This repository contains the code and resources for CT-FM, a 3D image-based pre-trained foundation model designed for various radiological tasks. CT-FM is trained using self-supervised learning (SSL) on a large dataset of 148,000 CT scans. This model aims to address a range of tasks, including whole-body segmentation, tumor segmentation, head CT triage, and medical image retrieval. This work builds upon previous efforts in radiological AI, shifting from task-specific expert models to unified foundation models for broader adaptability and efficiency.
- Large-Scale 3D Pretraining: Emphasis on 3D data rather than traditional 2D datasets.
- Task-Agnostic Training: Enabling transferability across various radiological tasks.
- Open Source: Model weights, data, and code are shared for collaborative development.
CT-FM has been evaluated on several downstream tasks, demonstrating strong performance:
-
Whole-Body Segmentation
- Evaluated on the TotalSegmentator dataset (117 anatomical labels across 1,228 scans).
- Achieved a mean Dice coefficient of 0.898, outperforming baseline and SuPREM models on most anatomical regions. Note that nnUnet showed better results due to multi-fold cross-validation and ensemble strategies, which CT-FM didn’t employ.
-
Cancer Tumor Segmentation
- Benchmarked on the Medical Segmentation Decathlon dataset for lung, hepatic, and pancreatic tumors.
- Demonstrated improved Dice scores and Average Surface Distance (ASD) in segmentation tasks for lung and hepatic tumors. For pancreatic tumors, ASD improvements were noted despite comparable Dice scores to baselines.
-
Head CT Triage
- Evaluated on SinoCT (9,000 scans) and CQ500 (491 scans) datasets for normal/abnormal classification.
- Achieved an F1 score of 0.776 on SinoCT and 0.754 on CQ500, surpassing random baselines but slightly underperforming the SuPREM model in some metrics.
-
Medical Image Retrieval
- Tested on OrganMNIST3D and 3D-MIR datasets.
- Outperformed baselines in retrieving scans with similar anatomical regions and lesion characteristics. Achieved top precision scores in lesion-based retrieval tasks.
-
Anatomical Clustering and Semantic Search
- Showed inherent clustering of anatomical features in embedding space.

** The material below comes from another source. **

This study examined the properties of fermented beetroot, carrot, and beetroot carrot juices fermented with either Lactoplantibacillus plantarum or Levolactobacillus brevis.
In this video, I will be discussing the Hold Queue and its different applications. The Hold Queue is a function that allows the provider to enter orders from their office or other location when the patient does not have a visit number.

- Facilitated fine-grained semantic searches, linking specific anatomical regions across scans.
-
Stability and Robustness
- Demonstrated consistent performance across test-retest datasets, showcasing robustness to variations in acquisition parameters.
CT-FM is pre-trained using a modified SimCLR framework for self-supervised learning:
- Intra-sample Contrastive Learning: Focuses on patches within the same sample to learn spatial semantics.

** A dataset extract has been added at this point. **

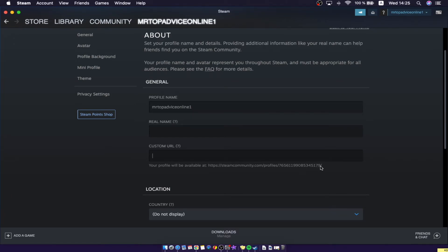That's pretty much it for how you can find your Steam ID. If this helped you out, please press the like button and subscribe for more. Take care, bye!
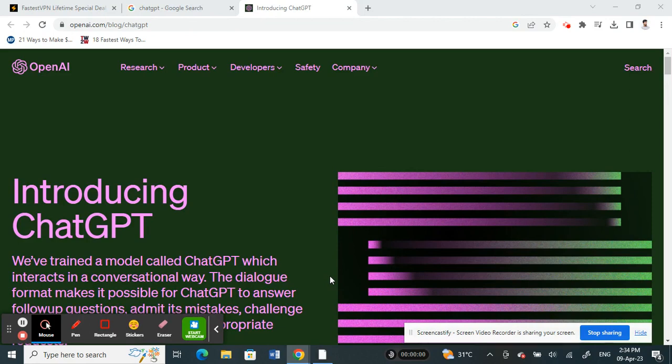As you all are aware that ChatGPT is not enabled in Italy, so any users from Italy cannot use ChatGPT because of the restrictions. So how can we use ChatGPT in Italy?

- Augmentation Strategies: Utilizes augmentations like random cropping, histogram shifting, and intensity scaling.
- Pretraining Details: Pretrained for 500 epochs on 148,000 CT scans, selecting the best checkpoint at epoch 449.
- Architecture Details: Uses a convolutional vision encoder, SegResEncoder with 77M params
-
Segmentation:
- Plugs the pretrained SegResEncoder into SegResNetDS and trains with Dice score and cross-entropy loss.

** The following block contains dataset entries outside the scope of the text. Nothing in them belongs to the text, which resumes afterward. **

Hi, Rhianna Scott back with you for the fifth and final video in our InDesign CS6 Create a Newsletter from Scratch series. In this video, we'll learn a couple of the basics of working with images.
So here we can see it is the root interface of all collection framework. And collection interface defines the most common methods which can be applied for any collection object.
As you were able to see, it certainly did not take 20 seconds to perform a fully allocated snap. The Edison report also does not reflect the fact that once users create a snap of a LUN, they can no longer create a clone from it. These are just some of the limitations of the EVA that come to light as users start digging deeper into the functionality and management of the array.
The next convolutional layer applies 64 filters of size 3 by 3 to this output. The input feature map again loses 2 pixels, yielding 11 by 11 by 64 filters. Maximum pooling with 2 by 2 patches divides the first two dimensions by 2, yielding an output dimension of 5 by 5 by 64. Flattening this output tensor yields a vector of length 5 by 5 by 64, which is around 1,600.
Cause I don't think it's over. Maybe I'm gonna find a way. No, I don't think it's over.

- Trained for 300 epochs with augmentations like affine transformations and Gaussian noise.
- Works both with project-lighter pipelines as well as established frameworks like Auto3DSeg
-
Classification:
- Implemented using SegResEncoder as the backbone + MLP, optimized with Binary Cross-Entropy loss.
- Preprocessing includes windowing levels specific to CT scan features (blood, subdural, stroke, bone).
-
Retrieval:
- Embeddings generated for training data were compared using cosine similarity for retrieval tasks.